Thursday, November 21, 2024

Protests Break Out In Mexico Due to President Lopez Obrador’s Overhaul of the National Electoral Institute

Huge crowds of people gathered in Mexico City to condemn government moves to shrink electoral authority as a threat to democracy. It has appeared to be the largest protest so far against President Andres Manuel Lopez Obrador’s administration.

Mexico’s Congress approved a major overhaul of the National Electoral Institute (INE), an independent body that Lopez Obrador has attacked as corrupt and inefficient. The 69-year-old president denies his changes will weaken Mexican Democracy.

Veronica Echevarria, a 58-year-old psychologist from Mexico City at the protest, said she feared Lopez Obrador’s INE shake-up was a bid by the president to stay in power. He denies this.

“We’re fighting to defend our democracy,” Echevarria said, wearing a cap emblazoned with the words “Hands off the INE.”

She and thousands of others converged on the Zocalo square, holding Mexican flags and dressed pink, the INE’s color. Shouts of “Viva Mexico!” and “Lopez out!” rang out periodically as the mass of people advanced.

The INE and its predecessor played a key role in creating a pluralistic democracy that in 2000 ended decades of one-party rule.

Fernando Belaunzaran, an opposition politician who helped to organize the protests, argued the INE changes weakened the electoral system and increased the risk of disputes clouding the 2024 elections when Lopez Obrador’s successor will be chosen.

“Normally presidents try to have governability and stability for their succession, but the president is creating uncertainty,” said Belaunzaran. “He’s playing with fire.”

Belaunzaran said on Twitter over 500,000 people had gathered in the capital on Sunday to oppose the INE overhaul. He said demonstrations were taking place in more than 100 cities, including Jalisco, Yucatan, Nuevo Leon, Queretaro, Guanajuato, and Veracruz, according to news reports and footage broadcast on social media.

Lopez Obrador, a leftist who claims he was robbed of the presidency twice before he finally won in the 2018 election, argues the INE is too expensive and biased in favor of his opponents. The institute denies this.

The president has cast these protests as a partisan attempt by the opposition to discredit his government.

According to the INE, the president’s overhaul violates the constitution, curbs its independence, and eliminates thousands of jobs made to safeguard the electoral process, making it harder to hold fair and free elections.
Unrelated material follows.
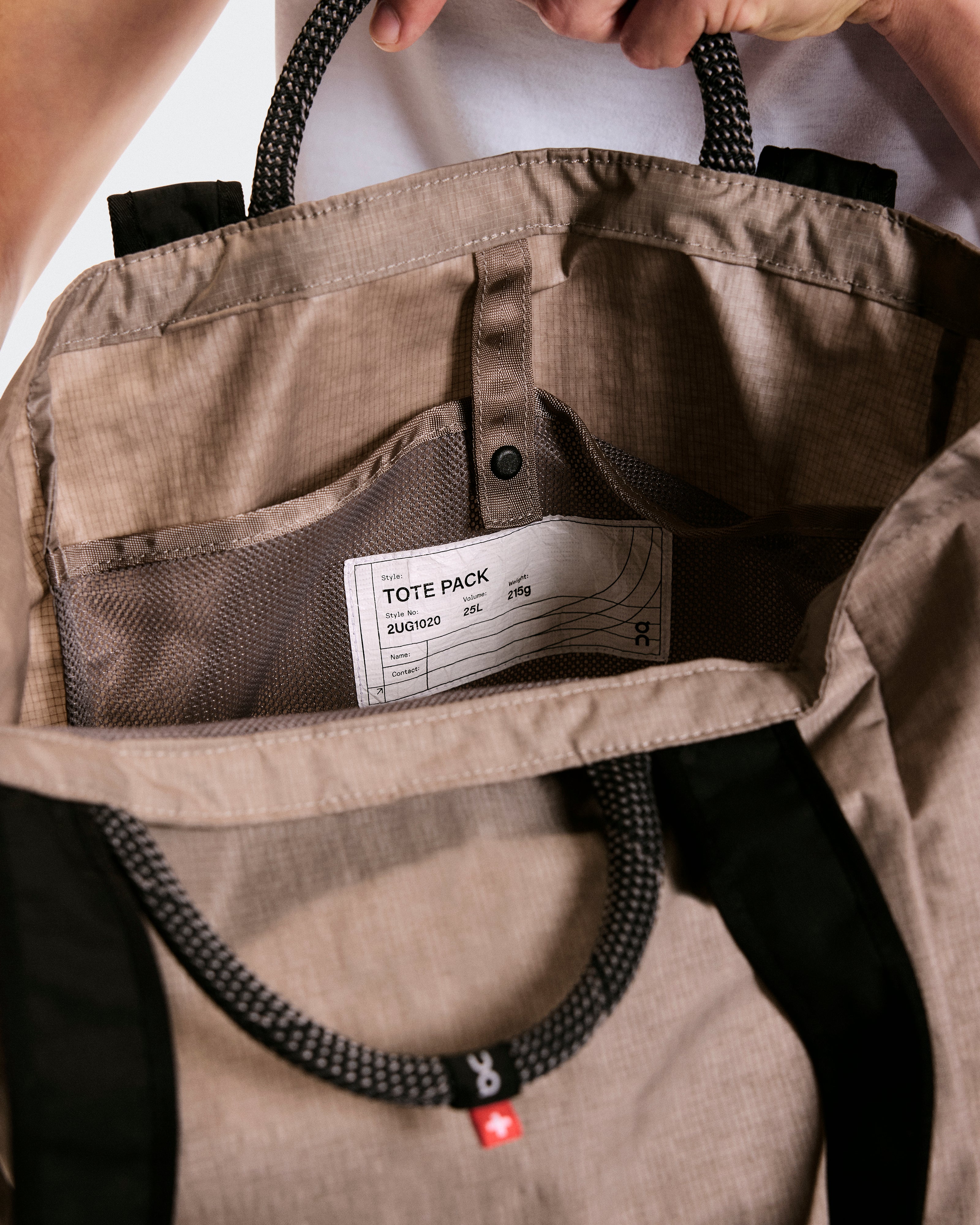 On Tote Pack 25L Cinder | Black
Lopez Obrador has also weakened other autonomous bodies that check his power on the grounds they are a drain on the public purse and hostile to his political project. He says his INE shake-up will save $150 million a year.

Polls show the president’s National Regeneration Movement (MORENA), which has become the dominant force in Mexico in just a few years, is a strong favorite to win the 2024 election.